Peter clenched his jaw, sweat soaking the fabric of his mask.

"Then why…" Gerald continued, tone edged with something between disdain and curiosity, "…do you always hold back? Why let yourself get beaten, bruised, humiliated by people you could crush?"

Peter spat, "Because I'm not like you."

Gerald's eyes narrowed. "No. You're not. That's the problem."

With a sudden grind of metal, Gerald reached out and tore a length of steel piping from the remains of the water tower. The screech of bending iron rang out across the rooftop. In one fluid motion, he wrapped the pipe around Spider-Man's limbs—twice, three times—until Peter was bound in a crumpled, makeshift cage of metal, arms pinned tight to his sides, legs tangled.

Peter thrashed harder. "Gerald!! What the hell is this?!"

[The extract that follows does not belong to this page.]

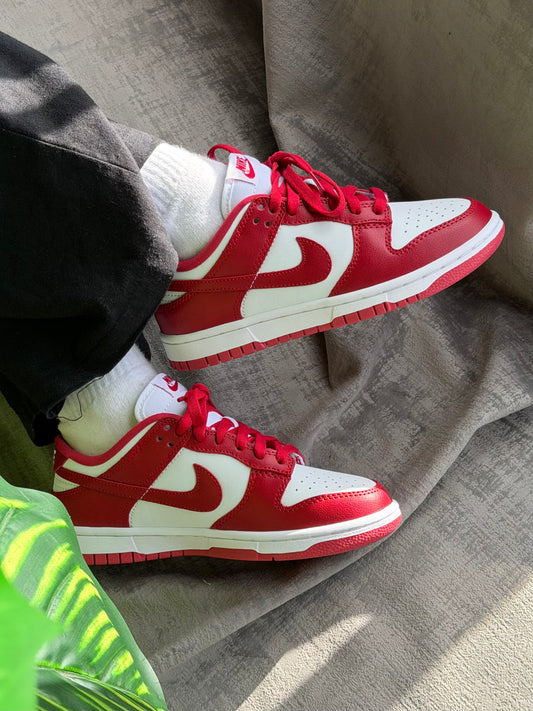 Nike SB Dunk Low “Red”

"Containment," Gerald said calmly. "So you'll stop jumping between logic and emotion long enough to listen."

He leaned in close, face expressionless.

"You need to stop pretending your mercy is always the right answer. One day, it won't be."

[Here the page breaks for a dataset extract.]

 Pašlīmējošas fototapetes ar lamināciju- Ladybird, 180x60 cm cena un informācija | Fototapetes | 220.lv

Peter's chest heaved. "And you need to stop thinking every problem has a body count attached."

Gerald stood back, arms crossed, letting the silence fall again. The steel creaked under Peter's strain, but held.

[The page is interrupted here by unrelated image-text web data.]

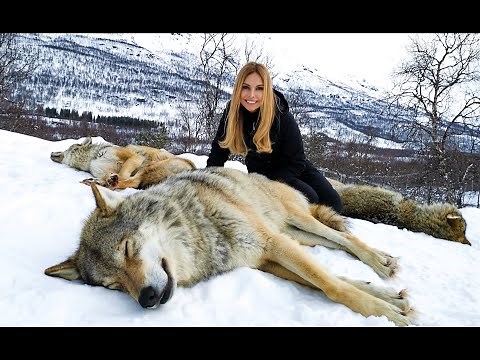 THE LARGEST WOLVES I'VE EVER MET!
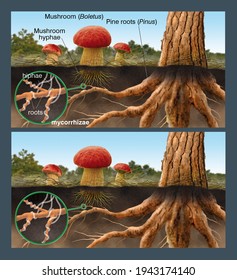 Fungi. Morphology and life cycle of fungi. Digital illustration without text and with captions in English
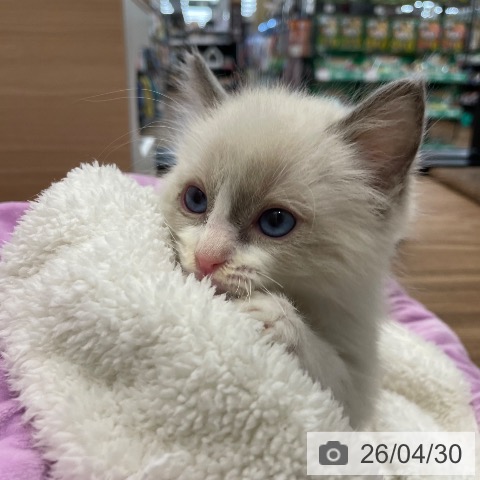 ラグドールの写真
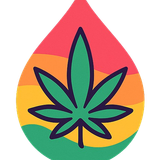 image removebg preview (3).png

"You think you're helping her," Gerald said, glancing toward Adriana's motionless form in the distance. "But she'll come back. Broken things always do. And they come back worse."

Peter stared up at him through narrowed lenses, rage simmering beneath the surface.

"She's not a problem to be eliminated."

"She's a risk," Gerald snapped, a rare edge slicing through his usually detached tone. "And you're too sentimental to see it."

"You—" Peter started, rage boiling to the surface—

"I won't kill her," Gerald said flatly, cutting him off without looking.

Then he moved.

Like a guillotine in motion, he advanced toward Adriana again—silent, sure, and terrifying in his restraint.

Peter's bindings creaked and groaned, the steel straining as he fought against it, heart pounding. "Gerald, NO!"

Adriana was trying to crawl—barely.

Her left hand, the only limb not shattered or mangled, dragged across the rooftop. Blood streaked beneath her glove, each inch a desperate plea to survive.

She didn't get far.

Gerald's shadow swallowed her again. He loomed, eyes cold, face unreadable.

"No more vengeances," he said. Like a sentence.

Peter thrashed harder. "She's done! She can't even stand! Gerald, STOP!"

Gerald didn't flinch.

He raised his boot.

CRUNCH.

Adriana's scream cut through the night like metal tearing. Her armor caved beneath Gerald's foot, her leg folding inward with a sickening snap. The joint shattered, bone splitting skin. Blood sprayed in a violent arc, spattering Gerald's coat.

Her back arched off the rooftop—then slammed back down, body convulsing.

"STOP!" Peter roared, voice raw. "You're going to kill her!"

Gerald turned his head slowly. Just once.

"No," he said, almost softly. "If I wanted her dead, she'd already be a stain on the skyline."

He looked down at her.

Trembling. Broken. Barely conscious. Trying—still—to push herself upright through sheer will and rage.

"This," he said, "is education."

Then, without pause—

CRACK.

Her other leg collapsed under his heel, bone splintering outward through torn metal and flesh. Adriana didn't even scream this time—just a hoarse, rasping noise, her throat too raw to make sound.

Her wingpack sparked and hissed, the fractured plating twitching like broken insect wings.

Peter was silent—stricken. Helpless.

Gerald knelt beside her.

His voice lowered to something almost tender—almost.

"Now you understand. Rage isn't strength. Grief isn't purpose. You brought a blade of sorrow to a war you didn't understand. And all you found was someone who didn't care."

He stood.

Adriana couldn't speak. Couldn't move. Just stared at the sky with wide, unseeing eyes, blood leaking from her mouth.

Gerald looked down at her one last time, then turned to Peter.

"Spider-Man," he said calmly, brushing crimson from his sleeve as though it were dust, "I already contacted S.H.I.E.L.D. They're en route—with the best trauma medics money and global clearance can provide."

His tone made it sound more like logistics than mercy.